Start of PROVIDED DATA

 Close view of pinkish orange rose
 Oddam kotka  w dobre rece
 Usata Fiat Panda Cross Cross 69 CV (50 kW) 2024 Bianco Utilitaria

End of PROVIDED DATA

*PROBLEM TO SOLVE*.
Retype the data shown above so that each line matches the original.

*ANSWER TO THE EXERCISE*.
 Close view of pinkish orange rose
 Oddam kotka  w dobre rece
 Usata Fiat Panda Cross Cross 69 CV (50 kW) 2024 Bianco Utilitaria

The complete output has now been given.